═════ EXERCISE INPUT

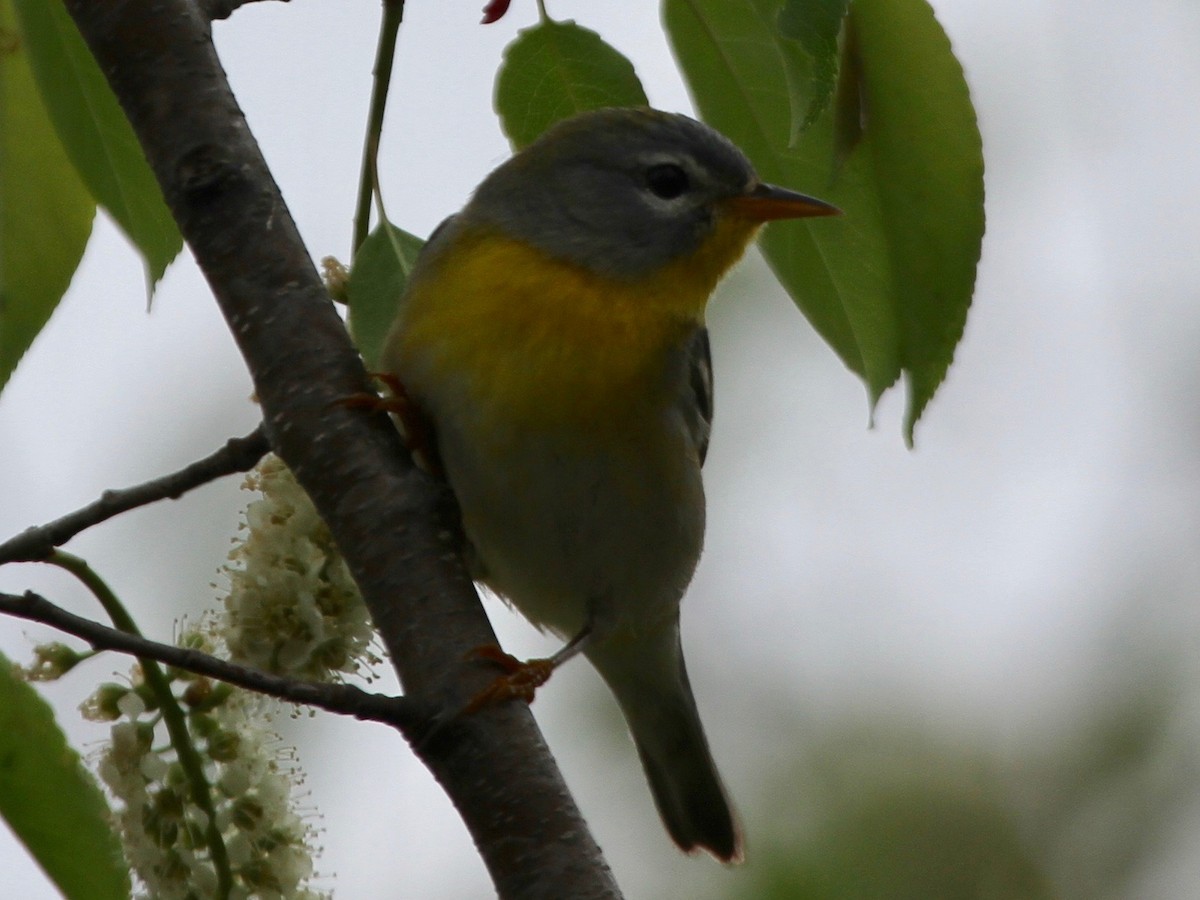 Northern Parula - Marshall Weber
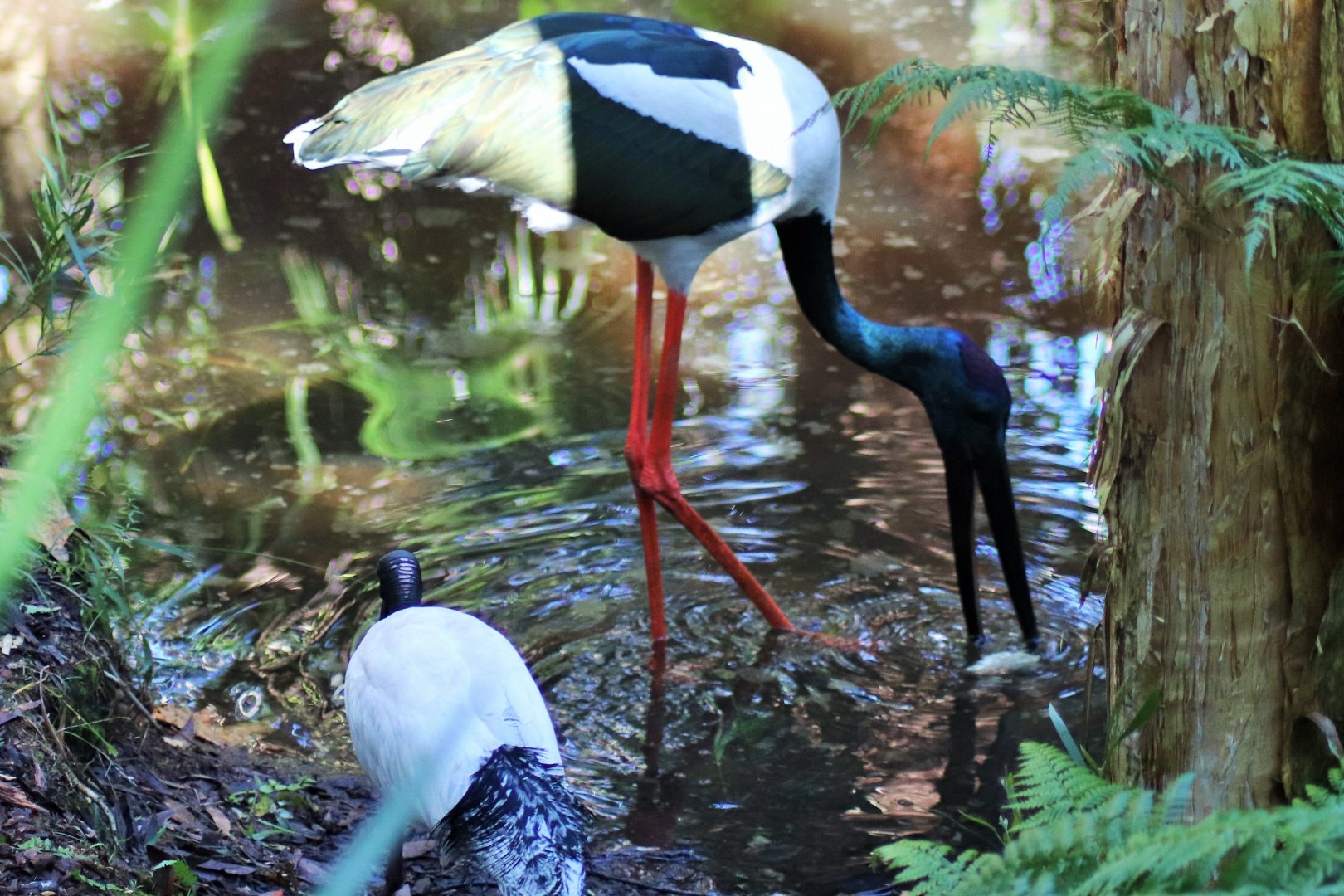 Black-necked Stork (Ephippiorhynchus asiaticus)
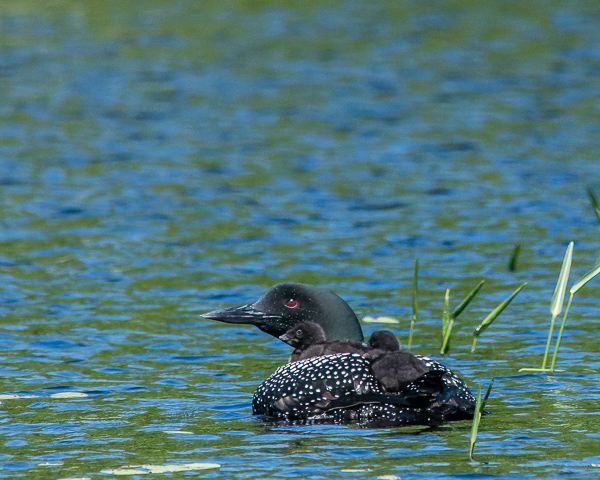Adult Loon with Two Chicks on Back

══════════
═════ EXERCISE INPUT

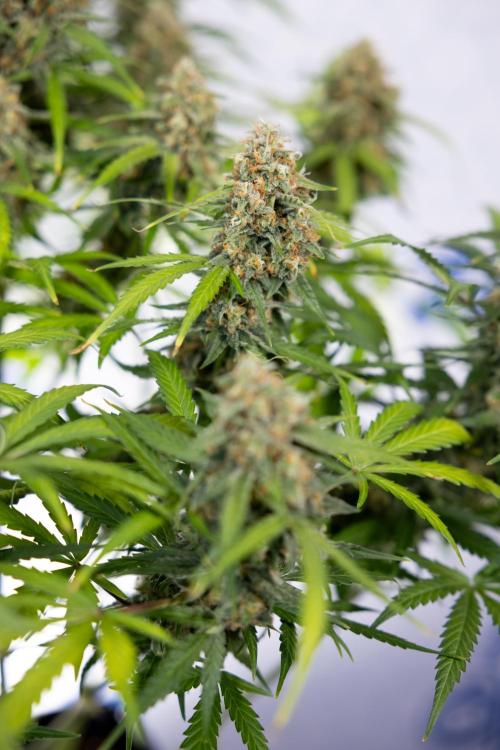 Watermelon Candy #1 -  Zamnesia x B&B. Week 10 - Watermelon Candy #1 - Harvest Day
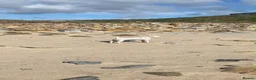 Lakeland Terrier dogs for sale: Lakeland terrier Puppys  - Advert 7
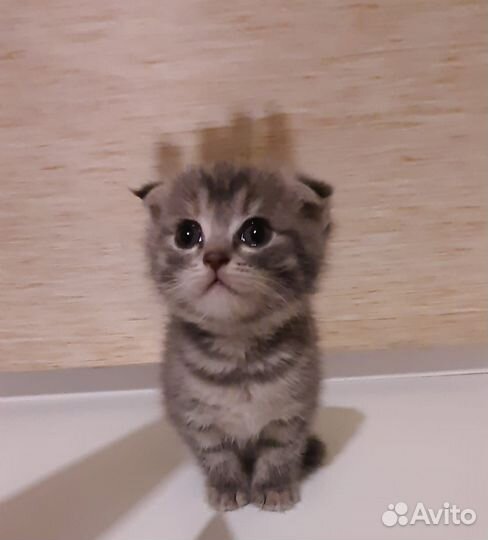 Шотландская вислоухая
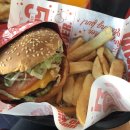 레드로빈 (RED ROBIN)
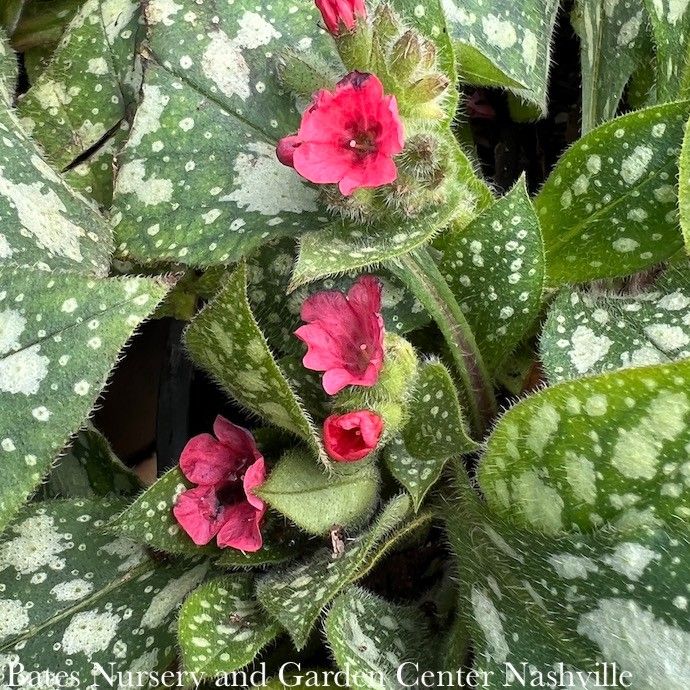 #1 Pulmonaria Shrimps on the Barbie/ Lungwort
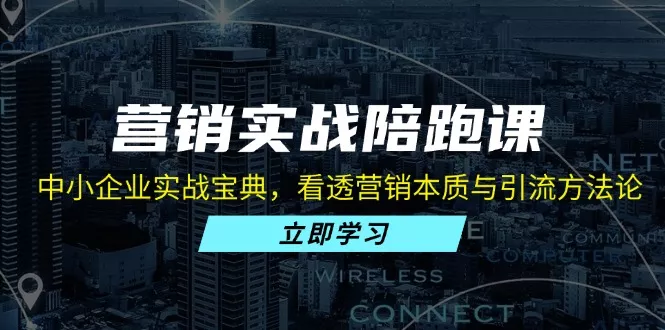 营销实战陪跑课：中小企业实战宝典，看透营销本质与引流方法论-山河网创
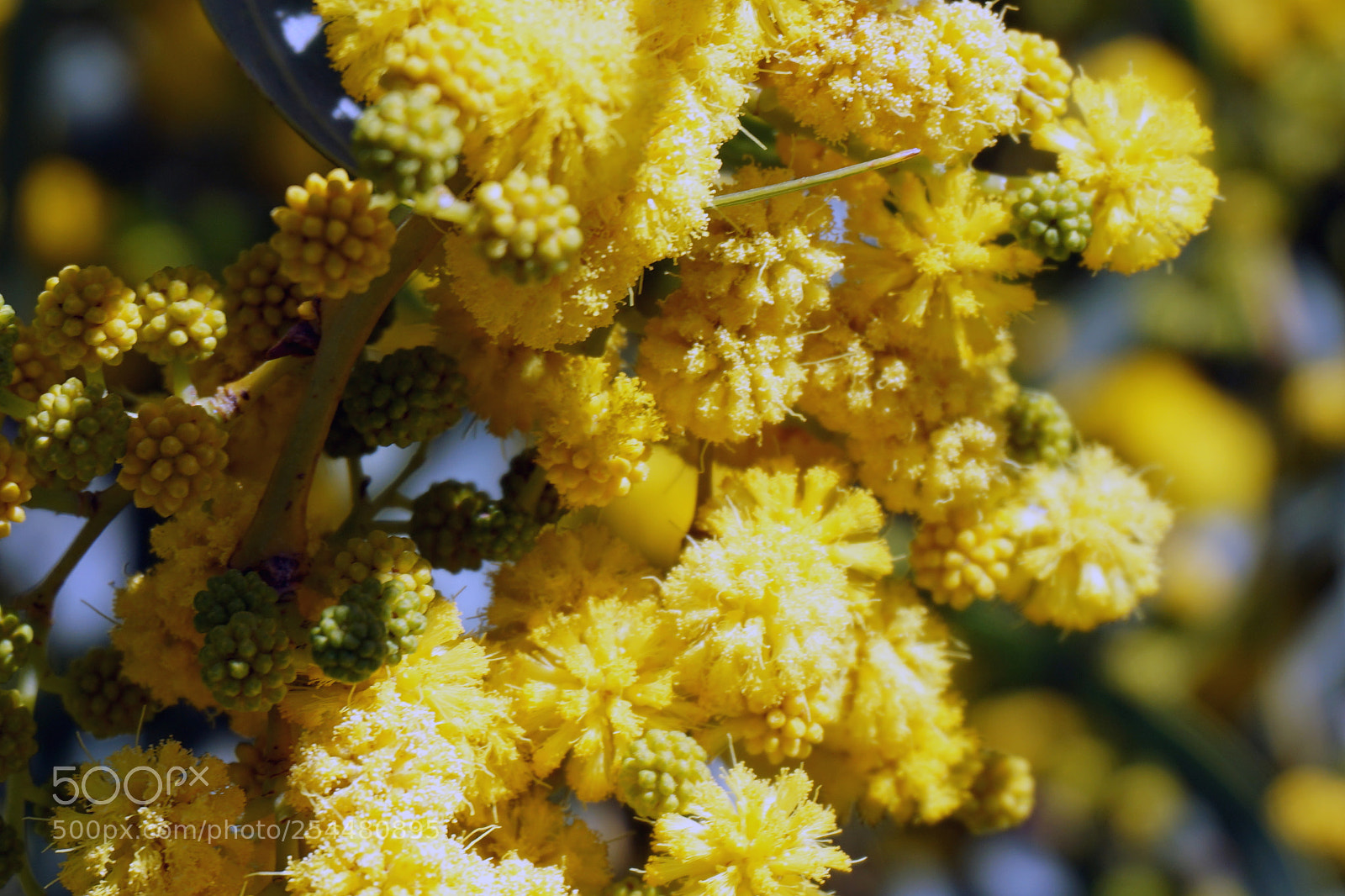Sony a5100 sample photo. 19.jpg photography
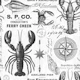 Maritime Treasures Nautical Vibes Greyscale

══════════
═════ EXERCISE INPUT

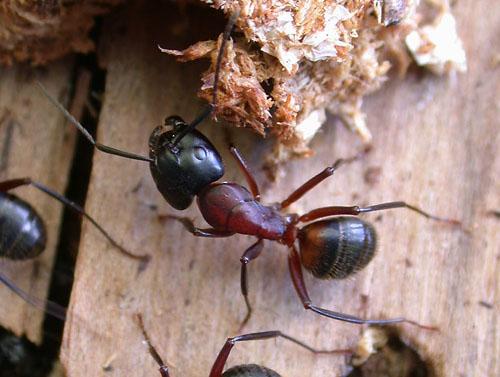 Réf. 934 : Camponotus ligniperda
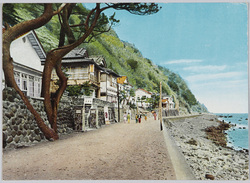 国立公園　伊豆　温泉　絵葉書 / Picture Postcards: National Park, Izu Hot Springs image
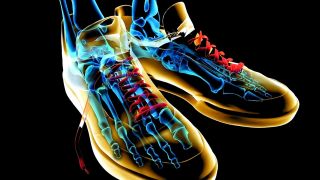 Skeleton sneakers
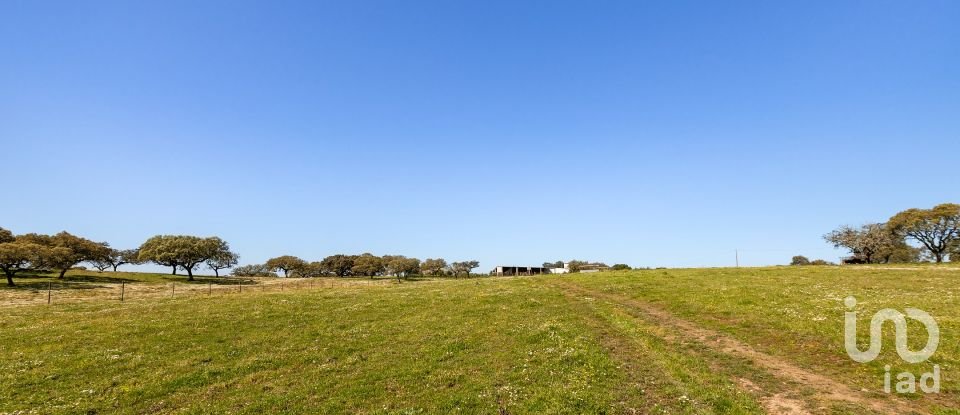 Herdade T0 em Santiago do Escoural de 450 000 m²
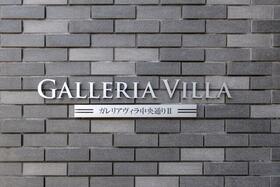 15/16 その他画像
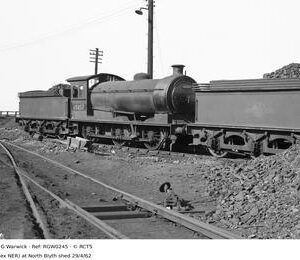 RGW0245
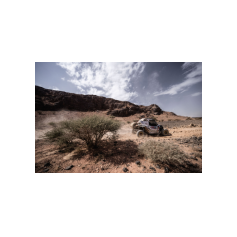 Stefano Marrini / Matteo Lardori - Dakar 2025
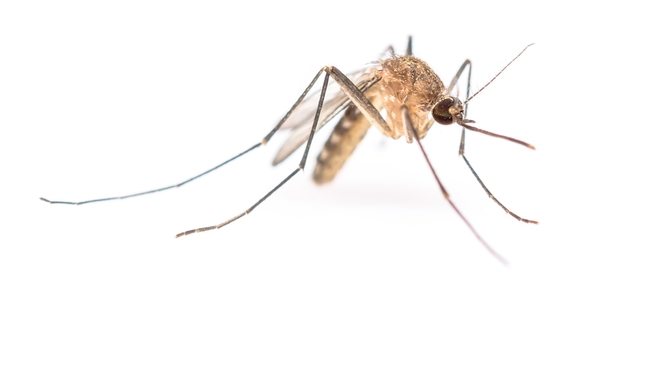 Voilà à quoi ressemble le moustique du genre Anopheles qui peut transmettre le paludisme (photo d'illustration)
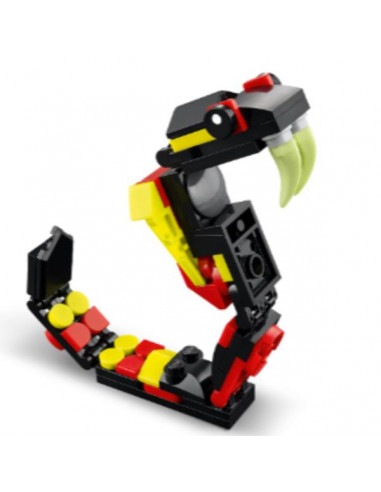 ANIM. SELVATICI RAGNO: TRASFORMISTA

══════════

### WHAT TO DO
From the line with "Réf. 934 : Camponotus ligniperda" up to and including the line with "Stefano Marrini /" above, retype every line exactly and nothing more; leave out the pictures.

### ANSWER TO THIS TASK
 Réf. 934 : Camponotus ligniperda
 国立公園　伊豆　温泉　絵葉書 / Picture Postcards: National Park, Izu Hot Springs image
 Skeleton sneakers
 Herdade T0 em Santiago do Escoural de 450 000 m²
 15/16 その他画像
 RGW0245
 Stefano Marrini / Matteo Lardori - Dakar 2025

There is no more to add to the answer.